Print the data once more, exactly as supplied.
________________
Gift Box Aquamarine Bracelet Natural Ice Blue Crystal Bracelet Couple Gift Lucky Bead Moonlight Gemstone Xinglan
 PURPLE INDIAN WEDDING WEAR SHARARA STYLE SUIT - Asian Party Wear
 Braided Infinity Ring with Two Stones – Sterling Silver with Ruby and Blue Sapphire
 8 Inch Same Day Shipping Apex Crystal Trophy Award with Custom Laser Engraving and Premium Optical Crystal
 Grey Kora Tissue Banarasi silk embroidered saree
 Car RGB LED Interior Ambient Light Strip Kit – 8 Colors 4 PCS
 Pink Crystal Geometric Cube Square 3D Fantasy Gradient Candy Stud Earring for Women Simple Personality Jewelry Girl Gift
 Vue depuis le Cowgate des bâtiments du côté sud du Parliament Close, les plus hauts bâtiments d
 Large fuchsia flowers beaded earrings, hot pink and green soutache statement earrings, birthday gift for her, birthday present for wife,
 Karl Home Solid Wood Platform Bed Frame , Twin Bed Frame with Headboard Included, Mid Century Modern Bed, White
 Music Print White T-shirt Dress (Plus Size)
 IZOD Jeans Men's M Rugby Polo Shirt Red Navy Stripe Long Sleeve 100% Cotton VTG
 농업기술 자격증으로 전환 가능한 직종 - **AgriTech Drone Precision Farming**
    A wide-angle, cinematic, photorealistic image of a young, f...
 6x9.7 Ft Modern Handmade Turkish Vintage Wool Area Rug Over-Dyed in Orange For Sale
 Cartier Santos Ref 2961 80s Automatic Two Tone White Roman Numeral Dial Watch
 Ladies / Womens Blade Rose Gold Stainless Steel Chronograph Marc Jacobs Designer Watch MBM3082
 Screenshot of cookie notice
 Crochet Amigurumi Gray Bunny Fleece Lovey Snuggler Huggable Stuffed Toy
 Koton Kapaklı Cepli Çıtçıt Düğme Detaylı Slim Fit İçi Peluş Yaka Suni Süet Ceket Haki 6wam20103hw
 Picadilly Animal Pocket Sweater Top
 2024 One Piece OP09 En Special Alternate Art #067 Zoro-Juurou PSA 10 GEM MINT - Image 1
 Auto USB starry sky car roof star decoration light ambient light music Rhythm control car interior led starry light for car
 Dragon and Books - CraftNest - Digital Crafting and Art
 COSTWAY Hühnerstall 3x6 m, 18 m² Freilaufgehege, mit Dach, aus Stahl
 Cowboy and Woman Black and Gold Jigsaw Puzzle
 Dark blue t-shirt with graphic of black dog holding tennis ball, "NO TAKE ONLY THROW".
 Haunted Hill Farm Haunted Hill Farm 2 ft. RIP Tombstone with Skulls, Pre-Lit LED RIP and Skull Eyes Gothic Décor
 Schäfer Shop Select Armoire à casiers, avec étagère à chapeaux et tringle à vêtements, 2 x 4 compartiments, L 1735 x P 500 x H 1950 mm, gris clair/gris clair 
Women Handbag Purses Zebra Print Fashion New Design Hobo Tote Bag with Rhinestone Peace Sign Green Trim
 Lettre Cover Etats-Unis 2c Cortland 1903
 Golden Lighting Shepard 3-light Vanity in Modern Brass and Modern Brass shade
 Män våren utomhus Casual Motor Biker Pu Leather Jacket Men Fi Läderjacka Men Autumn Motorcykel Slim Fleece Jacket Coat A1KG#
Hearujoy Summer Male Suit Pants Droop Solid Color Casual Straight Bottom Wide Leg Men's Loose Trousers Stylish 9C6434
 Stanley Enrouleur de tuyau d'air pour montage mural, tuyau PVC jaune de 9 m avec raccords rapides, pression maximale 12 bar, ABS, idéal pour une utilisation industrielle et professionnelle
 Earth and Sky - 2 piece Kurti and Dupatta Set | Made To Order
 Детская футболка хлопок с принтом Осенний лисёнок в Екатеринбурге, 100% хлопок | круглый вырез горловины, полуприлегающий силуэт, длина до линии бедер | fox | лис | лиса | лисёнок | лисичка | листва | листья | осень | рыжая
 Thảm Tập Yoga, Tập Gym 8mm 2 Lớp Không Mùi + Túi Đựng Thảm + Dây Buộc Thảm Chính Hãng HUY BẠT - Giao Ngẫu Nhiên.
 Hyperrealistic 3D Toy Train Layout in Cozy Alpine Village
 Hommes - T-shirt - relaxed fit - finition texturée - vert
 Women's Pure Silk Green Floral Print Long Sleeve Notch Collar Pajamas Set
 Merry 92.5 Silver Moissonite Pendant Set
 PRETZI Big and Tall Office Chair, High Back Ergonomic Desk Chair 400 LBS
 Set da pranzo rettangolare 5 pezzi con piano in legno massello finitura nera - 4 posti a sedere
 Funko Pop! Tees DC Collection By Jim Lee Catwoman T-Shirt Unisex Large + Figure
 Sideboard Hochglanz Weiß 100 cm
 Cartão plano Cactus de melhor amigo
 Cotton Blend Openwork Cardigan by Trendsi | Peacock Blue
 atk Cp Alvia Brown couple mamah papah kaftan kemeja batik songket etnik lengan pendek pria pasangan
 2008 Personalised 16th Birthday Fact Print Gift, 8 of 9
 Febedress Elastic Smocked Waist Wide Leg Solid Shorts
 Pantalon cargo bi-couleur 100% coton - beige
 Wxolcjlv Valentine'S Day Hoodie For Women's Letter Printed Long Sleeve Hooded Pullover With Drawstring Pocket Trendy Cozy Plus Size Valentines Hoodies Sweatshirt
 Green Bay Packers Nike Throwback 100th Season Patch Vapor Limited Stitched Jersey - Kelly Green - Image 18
________________
*Expected answer:*
Gift Box Aquamarine Bracelet Natural Ice Blue Crystal Bracelet Couple Gift Lucky Bead Moonlight Gemstone Xinglan
 PURPLE INDIAN WEDDING WEAR SHARARA STYLE SUIT - Asian Party Wear
 Braided Infinity Ring with Two Stones – Sterling Silver with Ruby and Blue Sapphire
 8 Inch Same Day Shipping Apex Crystal Trophy Award with Custom Laser Engraving and Premium Optical Crystal
 Grey Kora Tissue Banarasi silk embroidered saree
 Car RGB LED Interior Ambient Light Strip Kit – 8 Colors 4 PCS
 Pink Crystal Geometric Cube Square 3D Fantasy Gradient Candy Stud Earring for Women Simple Personality Jewelry Girl Gift
 Vue depuis le Cowgate des bâtiments du côté sud du Parliament Close, les plus hauts bâtiments d
 Large fuchsia flowers beaded earrings, hot pink and green soutache statement earrings, birthday gift for her, birthday present for wife,
 Karl Home Solid Wood Platform Bed Frame , Twin Bed Frame with Headboard Included, Mid Century Modern Bed, White
 Music Print White T-shirt Dress (Plus Size)
 IZOD Jeans Men's M Rugby Polo Shirt Red Navy Stripe Long Sleeve 100% Cotton VTG
 농업기술 자격증으로 전환 가능한 직종 - **AgriTech Drone Precision Farming**
    A wide-angle, cinematic, photorealistic image of a young, f...
 6x9.7 Ft Modern Handmade Turkish Vintage Wool Area Rug Over-Dyed in Orange For Sale
 Cartier Santos Ref 2961 80s Automatic Two Tone White Roman Numeral Dial Watch
 Ladies / Womens Blade Rose Gold Stainless Steel Chronograph Marc Jacobs Designer Watch MBM3082
 Screenshot of cookie notice
 Crochet Amigurumi Gray Bunny Fleece Lovey Snuggler Huggable Stuffed Toy
 Koton Kapaklı Cepli Çıtçıt Düğme Detaylı Slim Fit İçi Peluş Yaka Suni Süet Ceket Haki 6wam20103hw
 Picadilly Animal Pocket Sweater Top
 2024 One Piece OP09 En Special Alternate Art #067 Zoro-Juurou PSA 10 GEM MINT - Image 1
 Auto USB starry sky car roof star decoration light ambient light music Rhythm control car interior led starry light for car
 Dragon and Books - CraftNest - Digital Crafting and Art
 COSTWAY Hühnerstall 3x6 m, 18 m² Freilaufgehege, mit Dach, aus Stahl
 Cowboy and Woman Black and Gold Jigsaw Puzzle
 Dark blue t-shirt with graphic of black dog holding tennis ball, "NO TAKE ONLY THROW".
 Haunted Hill Farm Haunted Hill Farm 2 ft. RIP Tombstone with Skulls, Pre-Lit LED RIP and Skull Eyes Gothic Décor
 Schäfer Shop Select Armoire à casiers, avec étagère à chapeaux et tringle à vêtements, 2 x 4 compartiments, L 1735 x P 500 x H 1950 mm, gris clair/gris clair 
Women Handbag Purses Zebra Print Fashion New Design Hobo Tote Bag with Rhinestone Peace Sign Green Trim
 Lettre Cover Etats-Unis 2c Cortland 1903
 Golden Lighting Shepard 3-light Vanity in Modern Brass and Modern Brass shade
 Män våren utomhus Casual Motor Biker Pu Leather Jacket Men Fi Läderjacka Men Autumn Motorcykel Slim Fleece Jacket Coat A1KG#
Hearujoy Summer Male Suit Pants Droop Solid Color Casual Straight Bottom Wide Leg Men's Loose Trousers Stylish 9C6434
 Stanley Enrouleur de tuyau d'air pour montage mural, tuyau PVC jaune de 9 m avec raccords rapides, pression maximale 12 bar, ABS, idéal pour une utilisation industrielle et professionnelle
 Earth and Sky - 2 piece Kurti and Dupatta Set | Made To Order
 Детская футболка хлопок с принтом Осенний лисёнок в Екатеринбурге, 100% хлопок | круглый вырез горловины, полуприлегающий силуэт, длина до линии бедер | fox | лис | лиса | лисёнок | лисичка | листва | листья | осень | рыжая
 Thảm Tập Yoga, Tập Gym 8mm 2 Lớp Không Mùi + Túi Đựng Thảm + Dây Buộc Thảm Chính Hãng HUY BẠT - Giao Ngẫu Nhiên.
 Hyperrealistic 3D Toy Train Layout in Cozy Alpine Village
 Hommes - T-shirt - relaxed fit - finition texturée - vert
 Women's Pure Silk Green Floral Print Long Sleeve Notch Collar Pajamas Set
 Merry 92.5 Silver Moissonite Pendant Set
 PRETZI Big and Tall Office Chair, High Back Ergonomic Desk Chair 400 LBS
 Set da pranzo rettangolare 5 pezzi con piano in legno massello finitura nera - 4 posti a sedere
 Funko Pop! Tees DC Collection By Jim Lee Catwoman T-Shirt Unisex Large + Figure
 Sideboard Hochglanz Weiß 100 cm
 Cartão plano Cactus de melhor amigo
 Cotton Blend Openwork Cardigan by Trendsi | Peacock Blue
 atk Cp Alvia Brown couple mamah papah kaftan kemeja batik songket etnik lengan pendek pria pasangan
 2008 Personalised 16th Birthday Fact Print Gift, 8 of 9
 Febedress Elastic Smocked Waist Wide Leg Solid Shorts
 Pantalon cargo bi-couleur 100% coton - beige
 Wxolcjlv Valentine'S Day Hoodie For Women's Letter Printed Long Sleeve Hooded Pullover With Drawstring Pocket Trendy Cozy Plus Size Valentines Hoodies Sweatshirt
 Green Bay Packers Nike Throwback 100th Season Patch Vapor Limited Stitched Jersey - Kelly Green - Image 18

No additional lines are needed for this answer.